Para o ministro Guido Mantega, o problema cambial é devido à lenta retomada do crescimento nos países avançados. Eles tomaram medidas para reativar suas economias, mas não tiveram sucesso. Diante disso, aumentaram os estímulos monetários, emitindo mais dinheiro resultando em maior desvalorização de suas moedas.
Chuva de dólares. Face ao número crescente do desemprego nos Estados Unidos, o Federal Reserve (Fed, o banco central americano), em sua última reunião, deixou claro que está prestes a executar mais uma vez a política de “afrouxamento quantitativo” despejando centenas de bilhões de dólares na compra de títulos do Tesouro de longo prazo. Caso isso ocorra, a guerra cambial será intensificada, pois a desvalorização do dólar obrigará os outros bancos centrais a intervir para rebaixar suas próprias moedas. Com isso, revela-se a postura dos Estados Unidos de focar seus interesses e não levar em conta suas obrigações de defender a estabilidade da moeda mundial – o dólar.
Como o euro sofreu forte desvalorização devido à crise grega, a guerra cambial ainda não atingiu sua plenitude nos países da área do euro. A valorização dessa moeda, após os impactos da crise grega, já está dificultando as exportações desses países, que sofrem estagnação econômica e problemas fiscais agudos. Esta guerra já atinge em cheio os PIIGs, países mais frágeis da zona do euro, cujas defesas são limitadas. A poderosa Alemanha, ainda vai bem.
Já a Tailândia, no dia 13 último fixou um imposto de 15% sobre o lucro de capital e rendimentos por juros derivados de investimento estrangeiro na dívida soberana, para se defender da invasão de dólares.
Cada país adota uma estratégia para enfrentar a guerra cambial e não vejo possibilidade de sucesso de contê-la por acordos em reuniões dos fóruns internacionais.

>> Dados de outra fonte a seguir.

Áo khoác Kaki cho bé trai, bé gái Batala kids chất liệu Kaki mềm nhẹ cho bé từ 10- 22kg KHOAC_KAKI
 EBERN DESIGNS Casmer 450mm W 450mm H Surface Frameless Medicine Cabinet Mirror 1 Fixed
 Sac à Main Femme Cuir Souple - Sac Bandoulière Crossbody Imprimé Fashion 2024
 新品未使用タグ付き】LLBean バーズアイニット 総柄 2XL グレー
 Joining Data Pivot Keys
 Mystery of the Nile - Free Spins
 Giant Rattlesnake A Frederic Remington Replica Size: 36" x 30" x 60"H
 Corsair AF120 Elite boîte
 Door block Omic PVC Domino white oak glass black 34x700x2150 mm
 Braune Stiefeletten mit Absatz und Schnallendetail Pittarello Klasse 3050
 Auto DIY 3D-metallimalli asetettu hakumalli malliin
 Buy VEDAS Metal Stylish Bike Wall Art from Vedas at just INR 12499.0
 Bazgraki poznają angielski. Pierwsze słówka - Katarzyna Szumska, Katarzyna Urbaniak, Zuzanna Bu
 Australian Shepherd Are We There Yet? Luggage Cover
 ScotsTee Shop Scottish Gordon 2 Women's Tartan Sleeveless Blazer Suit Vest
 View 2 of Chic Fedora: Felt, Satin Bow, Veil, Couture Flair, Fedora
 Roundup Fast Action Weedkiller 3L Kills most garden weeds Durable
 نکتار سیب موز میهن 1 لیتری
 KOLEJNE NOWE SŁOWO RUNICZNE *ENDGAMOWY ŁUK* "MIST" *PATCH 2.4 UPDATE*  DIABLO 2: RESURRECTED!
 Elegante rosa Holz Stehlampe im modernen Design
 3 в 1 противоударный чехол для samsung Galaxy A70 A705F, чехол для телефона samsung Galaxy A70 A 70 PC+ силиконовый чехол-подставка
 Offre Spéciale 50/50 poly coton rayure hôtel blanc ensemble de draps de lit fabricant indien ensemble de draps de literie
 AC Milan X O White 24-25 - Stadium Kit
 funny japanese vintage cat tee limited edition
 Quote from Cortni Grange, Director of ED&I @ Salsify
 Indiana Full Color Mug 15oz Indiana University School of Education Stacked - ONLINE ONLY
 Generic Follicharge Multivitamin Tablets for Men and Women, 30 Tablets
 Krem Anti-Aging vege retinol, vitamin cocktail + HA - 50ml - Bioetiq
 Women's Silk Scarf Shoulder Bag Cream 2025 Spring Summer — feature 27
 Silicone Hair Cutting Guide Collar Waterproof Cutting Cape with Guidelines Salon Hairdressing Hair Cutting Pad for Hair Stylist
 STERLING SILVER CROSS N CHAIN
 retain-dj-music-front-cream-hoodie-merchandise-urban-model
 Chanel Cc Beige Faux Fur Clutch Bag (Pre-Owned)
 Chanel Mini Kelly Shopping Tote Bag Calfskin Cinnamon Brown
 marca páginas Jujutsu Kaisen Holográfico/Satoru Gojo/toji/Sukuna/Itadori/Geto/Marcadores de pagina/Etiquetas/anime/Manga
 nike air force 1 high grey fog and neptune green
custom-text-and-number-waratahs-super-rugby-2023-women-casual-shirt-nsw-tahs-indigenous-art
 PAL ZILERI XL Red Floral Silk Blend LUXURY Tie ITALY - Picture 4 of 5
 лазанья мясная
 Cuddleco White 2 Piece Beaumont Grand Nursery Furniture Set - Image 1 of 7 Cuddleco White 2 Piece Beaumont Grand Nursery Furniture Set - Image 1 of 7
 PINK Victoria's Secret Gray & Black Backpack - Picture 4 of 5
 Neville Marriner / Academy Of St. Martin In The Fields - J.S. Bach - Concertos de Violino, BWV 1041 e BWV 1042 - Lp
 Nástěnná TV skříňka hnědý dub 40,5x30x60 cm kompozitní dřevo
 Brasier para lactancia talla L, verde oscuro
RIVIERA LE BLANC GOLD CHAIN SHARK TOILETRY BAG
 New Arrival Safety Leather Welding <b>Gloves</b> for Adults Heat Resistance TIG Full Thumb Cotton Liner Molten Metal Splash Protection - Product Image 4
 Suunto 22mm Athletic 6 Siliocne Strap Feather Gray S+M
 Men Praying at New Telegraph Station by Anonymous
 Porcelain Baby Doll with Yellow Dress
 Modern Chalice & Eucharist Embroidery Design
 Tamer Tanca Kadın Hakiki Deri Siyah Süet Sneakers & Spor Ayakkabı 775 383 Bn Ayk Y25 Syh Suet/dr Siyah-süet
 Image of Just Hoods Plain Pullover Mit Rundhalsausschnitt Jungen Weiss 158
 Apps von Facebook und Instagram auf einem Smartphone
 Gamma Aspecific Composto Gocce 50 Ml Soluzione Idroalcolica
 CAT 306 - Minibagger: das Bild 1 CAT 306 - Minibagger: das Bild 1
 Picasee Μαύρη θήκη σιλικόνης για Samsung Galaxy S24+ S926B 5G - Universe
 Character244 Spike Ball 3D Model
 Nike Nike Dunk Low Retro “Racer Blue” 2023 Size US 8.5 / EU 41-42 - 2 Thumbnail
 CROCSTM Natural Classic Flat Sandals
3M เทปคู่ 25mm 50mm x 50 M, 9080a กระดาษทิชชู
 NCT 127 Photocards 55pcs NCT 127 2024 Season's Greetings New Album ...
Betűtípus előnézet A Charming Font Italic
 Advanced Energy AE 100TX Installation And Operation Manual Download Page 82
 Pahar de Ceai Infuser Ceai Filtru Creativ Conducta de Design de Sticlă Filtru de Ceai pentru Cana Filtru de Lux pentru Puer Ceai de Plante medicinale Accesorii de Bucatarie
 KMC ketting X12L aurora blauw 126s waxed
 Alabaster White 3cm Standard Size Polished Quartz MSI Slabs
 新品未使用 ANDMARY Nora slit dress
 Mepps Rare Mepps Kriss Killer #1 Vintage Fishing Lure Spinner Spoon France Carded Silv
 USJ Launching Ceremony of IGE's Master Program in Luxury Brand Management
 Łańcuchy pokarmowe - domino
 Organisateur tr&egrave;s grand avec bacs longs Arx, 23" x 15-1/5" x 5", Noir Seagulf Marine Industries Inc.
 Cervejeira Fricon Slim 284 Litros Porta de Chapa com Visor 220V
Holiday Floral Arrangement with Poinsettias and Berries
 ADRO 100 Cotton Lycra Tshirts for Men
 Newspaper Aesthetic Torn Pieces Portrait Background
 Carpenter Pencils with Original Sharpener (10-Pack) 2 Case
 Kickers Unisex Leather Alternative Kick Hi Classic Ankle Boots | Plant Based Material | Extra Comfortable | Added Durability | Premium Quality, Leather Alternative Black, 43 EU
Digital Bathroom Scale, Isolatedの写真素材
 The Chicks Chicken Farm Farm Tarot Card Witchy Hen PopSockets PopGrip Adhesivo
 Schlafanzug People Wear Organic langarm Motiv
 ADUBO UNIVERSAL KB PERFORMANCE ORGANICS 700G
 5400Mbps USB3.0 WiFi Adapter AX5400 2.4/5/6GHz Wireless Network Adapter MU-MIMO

No dia 10 último, a assembleia do FMI, convocada para buscar alguma solução na questão cambial, não deu em nada. Nos dias 11 e 12 de novembro ocorrerá a reunião do G-20. A questão é difícil, porque há uma enorme liquidez mundial, enquanto as taxas de juros dos países desenvolvidos estão praticamente em zero. Esse dinheiro fica louco para achar uma “boquinha”, que só os emergentes estão podendo dar, sobretudo o Brasil, com suas altas taxas de juros.
Estratégia. No caso brasileiro, a tentativa de combate à apreciação do real é através da compra de dólares pelo Banco Central (BC) em valor maior do que o fluxo líquido de dólares que sobra para o País. Isso fomentou o crescimento das posições “vendidas” dos bancos no mercado, o que os leva a apreciar o real. Parece que a estratégia do governo está mudando, pois o diferencial entre juros internos e externos têm um custo de carregamento das reservas internacionais estimado em R$ 45 bilhões neste ano (1,5% do PIB).
Nesse sentido, o governo praticamente anulou a vantagem que os investidores estrangeiros tinham na compra dos títulos de renda fixa ao elevar sucessivamente o IOF, que passou de 4% para 6% sobre o ingresso de dólares para aplicações nos mercados financeiros e de capital, e de 0,38% para 6% o IOF sobre as operações de câmbio para constituição de garantias em bolsas de valores, de mercadorias e futuros. São medidas acertadas e de quebra trazem recursos fiscais ao País.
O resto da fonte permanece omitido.